If you prefer using fancy external modules, like the Clearview or Rapidfire, you are better off with a pair of Fatsharks. However if you just want an “All in one” solution, I would consider the Skyzone.
In terms of Image quality, I think the Fatshark HDO is still the best on the market at the moment, but $500 is a lot of money, and id doesn’t even come with a receiver!
At $400 you have the SKY03 as well as the Fatshark HD3. I compared them back to back, and I think the 03 has slightly clearer screens, it’s a shame that I am getting that tiny bit of blurry edge. But you save money on a good diversity receiver.
Yes, receiver module doesn’t have to be expensive these days. Take the Pro58 with Achilles firmware, It costs only $43, but it does take time to flash the firmware. Other good plug and play solutions like the True-D costs $80 or more, so it’s not that cheap either.
If you want to get a really fancy VRX module like the Rapidfire, I would probably still go for the HDO for the best possible video quality.
If you were planning to get the Fatshark HD2 or HD3, the SKY03 is a good alternative to consider.
Bugs Found During Review
Faulty Low Voltage Warning
The Goggles gave me low battery warning even when battery is fully charged. It turned out to be inaccurate voltage reading caused by bad cable connection. Skyzone gave me instructions on how to fix that.
If you have this problem, you need to take apart the goggles, unplug and re-insert the yellow ribbon cable as shown in the following image (both ends). I hope Skyzone fix this in all future goggles.

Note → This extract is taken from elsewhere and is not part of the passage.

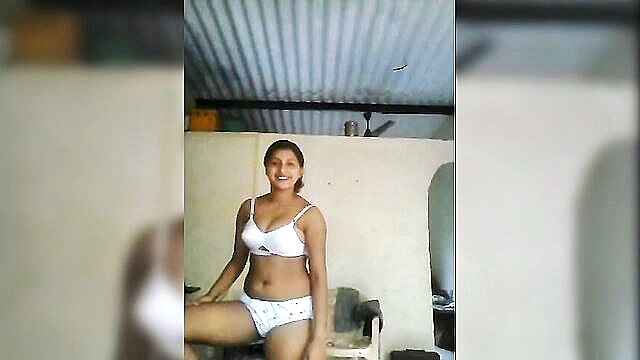 porn video, indian, hd porn - slip show indian aunty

The mode button wasn’t responding when pressed. It turned out to be a loose ribbon cable between the button PCB to the main PCB. Re-inserting the cable fixed that.
There are some bugs found during the review, but were quickly fixed by Skyzone by releasing new firmware. If you buy them now it probably comes with the latest firmware, but anyway it’s pretty easy to update it yourself as shown in this tutorial.